- _RECORDS TO PROCESS_:
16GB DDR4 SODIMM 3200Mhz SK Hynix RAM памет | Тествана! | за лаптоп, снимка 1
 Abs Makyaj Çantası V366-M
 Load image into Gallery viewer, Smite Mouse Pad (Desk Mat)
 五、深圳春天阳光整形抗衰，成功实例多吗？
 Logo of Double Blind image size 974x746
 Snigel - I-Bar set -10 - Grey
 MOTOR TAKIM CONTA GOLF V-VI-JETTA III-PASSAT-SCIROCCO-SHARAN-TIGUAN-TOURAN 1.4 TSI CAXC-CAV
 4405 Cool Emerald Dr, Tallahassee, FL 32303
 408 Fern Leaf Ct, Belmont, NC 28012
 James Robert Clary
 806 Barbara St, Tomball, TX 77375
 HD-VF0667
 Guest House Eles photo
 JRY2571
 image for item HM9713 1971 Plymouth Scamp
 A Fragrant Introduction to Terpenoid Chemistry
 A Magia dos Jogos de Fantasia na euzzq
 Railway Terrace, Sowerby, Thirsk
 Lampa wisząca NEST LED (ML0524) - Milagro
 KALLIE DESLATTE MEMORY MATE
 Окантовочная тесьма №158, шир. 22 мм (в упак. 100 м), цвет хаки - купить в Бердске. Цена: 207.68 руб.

- _PROBLEM TO SOLVE_: Please retype all of the material above, keeping it exact.

- _ANSWER TO THE EXERCISE_:
16GB DDR4 SODIMM 3200Mhz SK Hynix RAM памет | Тествана! | за лаптоп, снимка 1
 Abs Makyaj Çantası V366-M
 Load image into Gallery viewer, Smite Mouse Pad (Desk Mat)
 五、深圳春天阳光整形抗衰，成功实例多吗？
 Logo of Double Blind image size 974x746
 Snigel - I-Bar set -10 - Grey
 MOTOR TAKIM CONTA GOLF V-VI-JETTA III-PASSAT-SCIROCCO-SHARAN-TIGUAN-TOURAN 1.4 TSI CAXC-CAV
 4405 Cool Emerald Dr, Tallahassee, FL 32303
 408 Fern Leaf Ct, Belmont, NC 28012
 James Robert Clary
 806 Barbara St, Tomball, TX 77375
 HD-VF0667
 Guest House Eles photo
 JRY2571
 image for item HM9713 1971 Plymouth Scamp
 A Fragrant Introduction to Terpenoid Chemistry
 A Magia dos Jogos de Fantasia na euzzq
 Railway Terrace, Sowerby, Thirsk
 Lampa wisząca NEST LED (ML0524) - Milagro
 KALLIE DESLATTE MEMORY MATE
 Окантовочная тесьма №158, шир. 22 мм (в упак. 100 м), цвет хаки - купить в Бердске. Цена: 207.68 руб.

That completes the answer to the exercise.